(Image-caption web data)
■ ■ ■ ■ ■ ■ ■

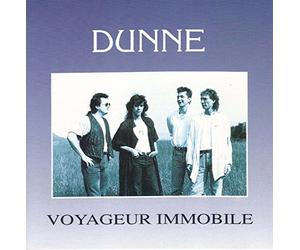 Dunne - Voyageur Immobile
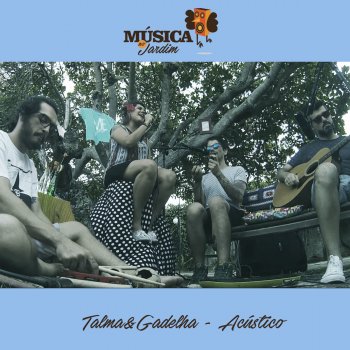 Talma feat. Gadelha Valentina (Acústico)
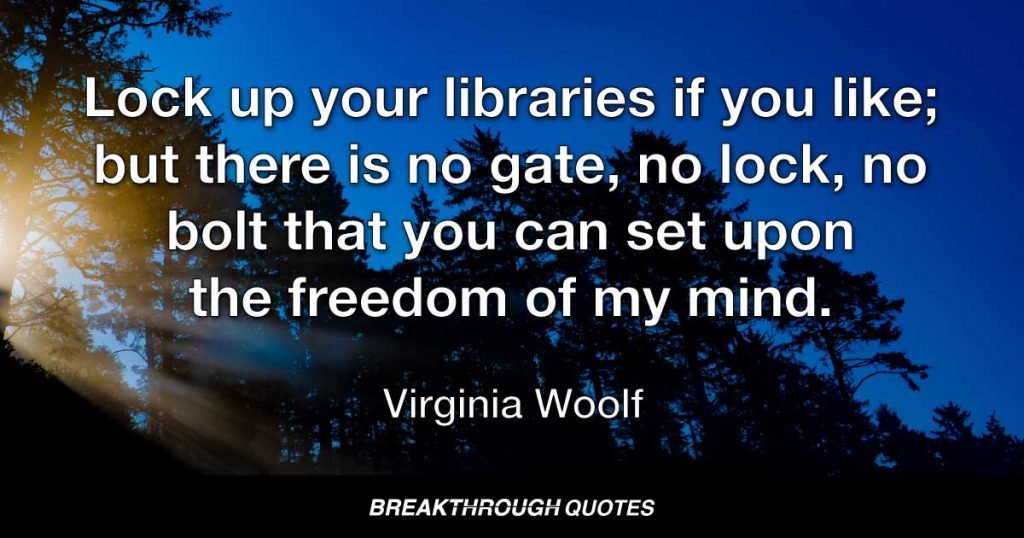 Lock up your libraries if you like; but there is no gate, no lock, no bolt that you can set upon the freedom of my mind. — Virginia Woolf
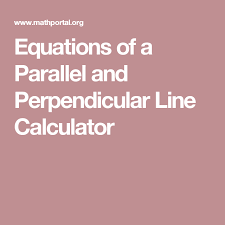 Equations Of A Parallel And Perpendicular Line Calculator Parallel And Perpendicular Lines Parallel Perpendicular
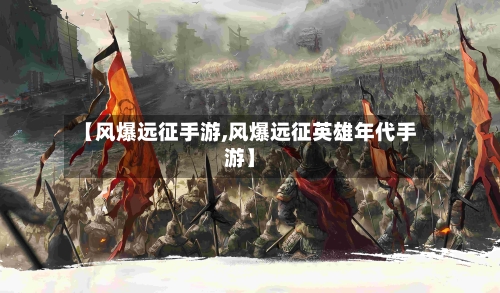 【风爆远征手游,风爆远征英雄年代手游】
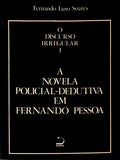 A NOVELA POLICIAL-DEDUTIVA EM FERNANDO PESSOA.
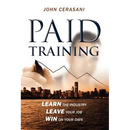 Paid Training: Learn the industry, Leave your job, Win on your own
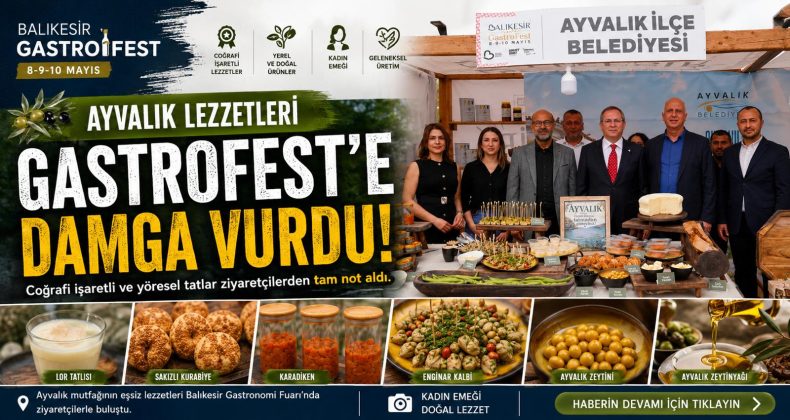 AYVALIK LEZZETLERİ GASTROFEST’E DAMGA VURDU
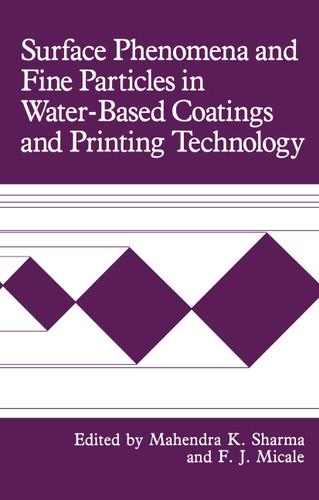 Surface Phenomena and Fine Particles in Water-Based Coatings and Printing Technology book cover by 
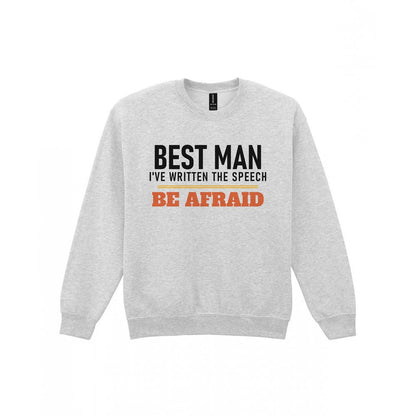 Best Man I've Written The Speech Be Afraid Stag Do T-Shirt & Sweatshirt Sweatshirt in Sport Grey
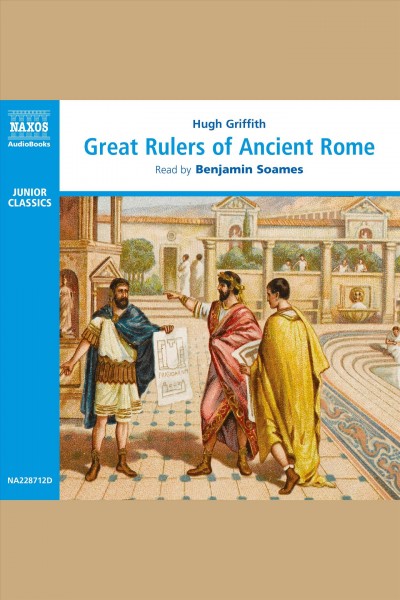 Great rulers of ancient Rome [electronic resource] / Hugh Griffith.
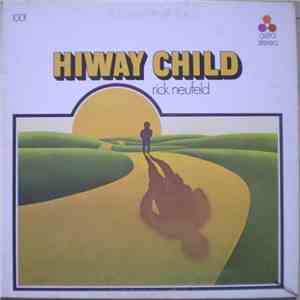 Rick Neufeld - Hiway Child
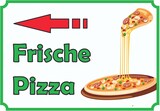 thumbnail of Frische Pizza Schild mit Pfeil links A1 Rückseite selbstklebend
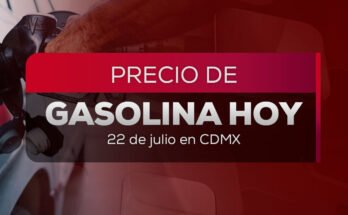 La gasolina sigue subiendo y este 22 de julio 2026 presenta precios variados en cada estado. Aquí los detalles.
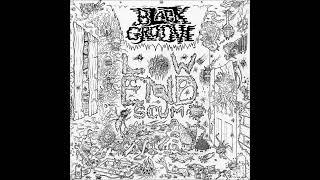 Black Groove "Low End Scum"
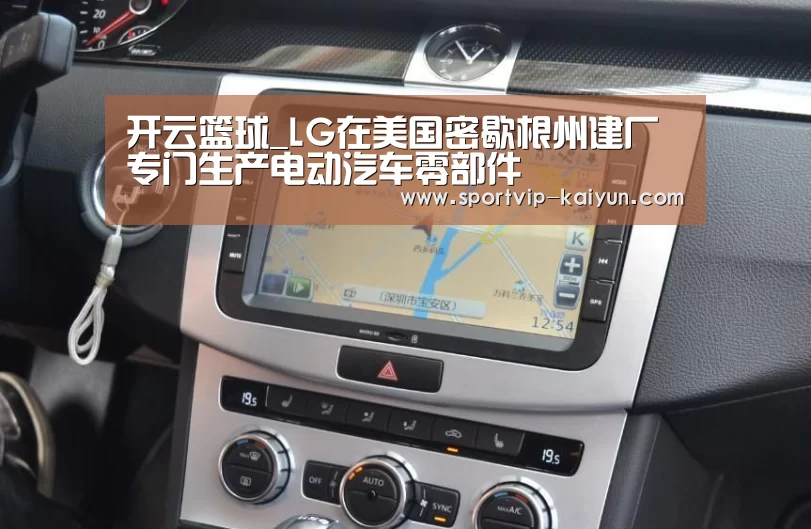 开云篮球_LG在美国密歇根州建厂专门生产电动汽车零部件(图4) 开云赛事
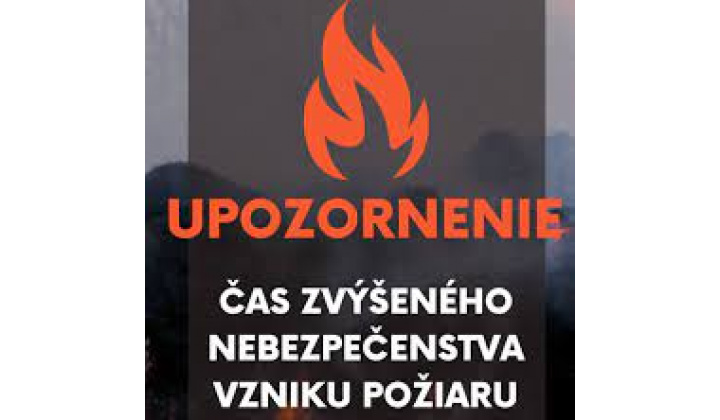 Vyhlásenie času zvýšeného nebezpečenstva vzniku požiaru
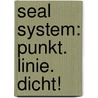 Seal System: Punkt. Linie. Dicht! door Martin Krabbe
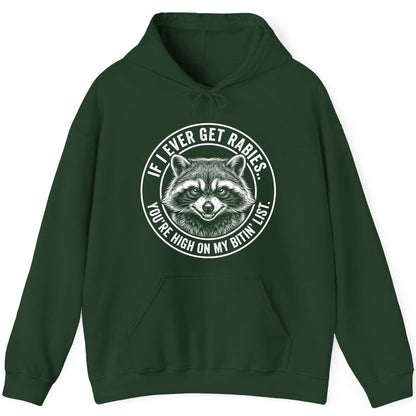 If I Ever Get Rabies You're High on My Bitin' List raccoon Hoodie Forest Green product mockup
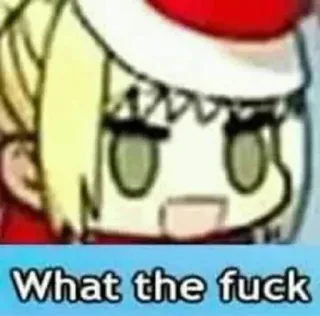 😠 352023fc What the fuck Anime, Meme, Reazione, Offensivo telegram sticker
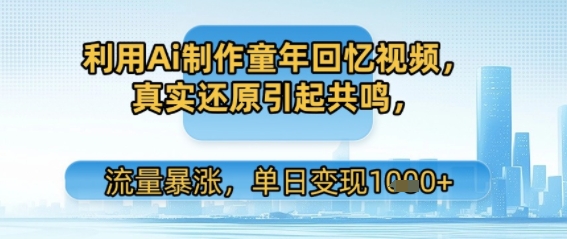 利用Ai制作童年回忆视频，真实还原引起共鸣，流量暴涨，单日变现多张-微众资源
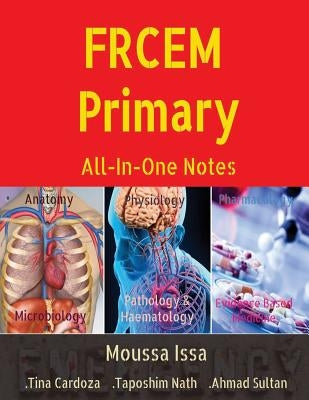 FRCEM Primary: All-In-One Notes (5th Edition, Full Colour) by Issa, Moussa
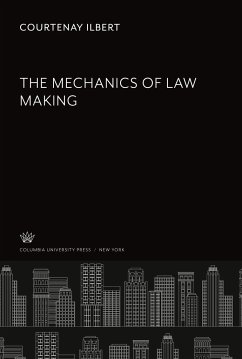 The Mechanics of Law Making - Ilbert, Courtenay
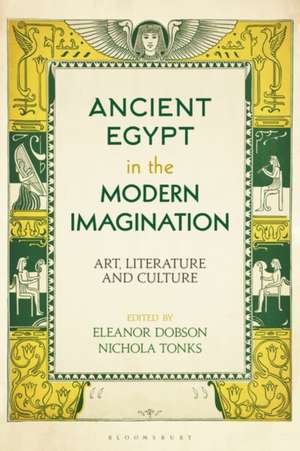 Ancient Egypt in the Modern Imagination: Art, Literature and Culture de Eleanor Dobson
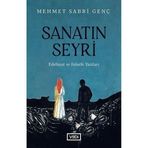 Sanatın Seyri - Edebiyat ve Felsefe Yazıları - Mehmet Sabri Genç - Vadi Yayınları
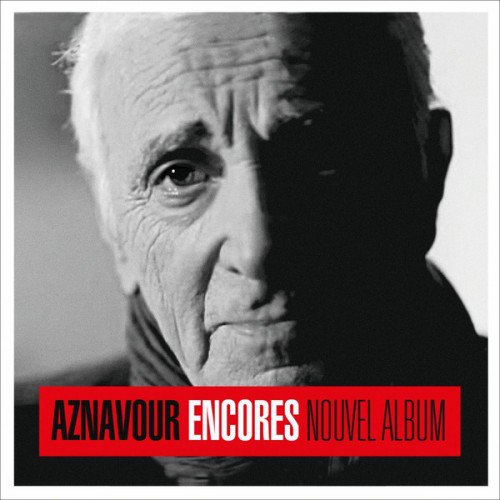 Charles Aznavour - Encores (2015) (FLAC)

■ ■ ■ ■ ■ ■ ■

- [Work to be completed]
Please transcribe exactly the lines from the start of the records through the line containing "AYVALIK LEZZETLERİ GASTROFEST’E DAMGA VURDU", leaving the pictures out.

- [Answer section]
 Dunne - Voyageur Immobile
 Talma feat. Gadelha Valentina (Acústico)
 Lock up your libraries if you like; but there is no gate, no lock, no bolt that you can set upon the freedom of my mind. — Virginia Woolf
 Equations Of A Parallel And Perpendicular Line Calculator Parallel And Perpendicular Lines Parallel Perpendicular
 【风爆远征手游,风爆远征英雄年代手游】
 A NOVELA POLICIAL-DEDUTIVA EM FERNANDO PESSOA.
 Paid Training: Learn the industry, Leave your job, Win on your own
 AYVALIK LEZZETLERİ GASTROFEST’E DAMGA VURDU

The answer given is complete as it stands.